Le professeur Timothy Devos témoigne quant à lui de ce qui se passe en Belgique en matière d’euthanasie, dénonçant les failles de la commission de contrôle et la baisse des soins palliatifs. Avec des conséquences sur la société entière qui, insensiblement, s’accoutume à la pratique toujours plus étendue (cf. Euthanasie en Belgique : de l'”acte exceptionnel” à la “banalisation”). Le Dr Hubert Tesson, médecins en soins palliatifs à Marseille, souligne de son côté que « l’immense majorité des médecins et des soignants qui exercent en soins palliatifs est farouchement opposée à une légalisation de l’euthanasie ». « En plus de 30 ans d’expérience, je peux dire que je n’ai jamais eu de demandes d’euthanasie authentiques, répétées dans la durée, pour des motifs de douleur physique », témoigne-t-il.

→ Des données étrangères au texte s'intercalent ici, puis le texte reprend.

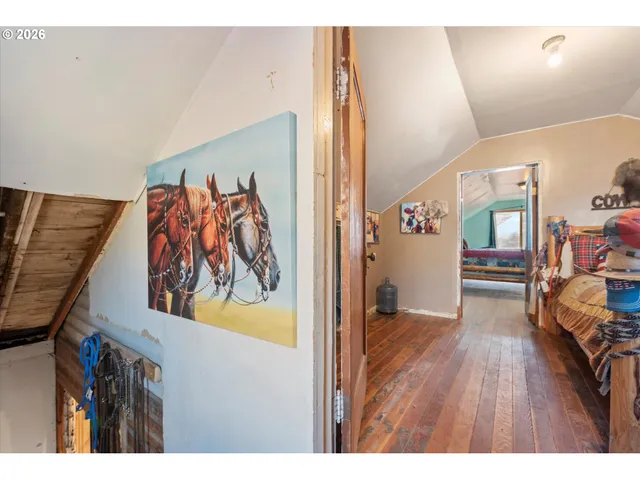 a view of a livingroom with wooden floor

« L’euthanasie vise d’abord les personnes vulnérables : les personnes qui dérangent et qui sont source de contraintes », avertit Marie-Caroline Schurr. Atteinte d’une maladie génétique rare et vivant avec un handicap, son alerte rejoint celle, récurrente, de Philippe Pozzo di Borgo (cf.  Euthanasie : « Ce prétendu droit m’enlève ma dignité, et tôt ou tard, me désigne la porte »).

Ainsi, hier les citoyens n’étaient pas seulement présents à la Convention sur la fin de vie. Ils étaient aussi dans la rue. Bien plus nombreux. Les députés et sénateurs qui s’apprêtent à débattre d’euthanasie et d’avortement cette semaine les auront-ils entendus ?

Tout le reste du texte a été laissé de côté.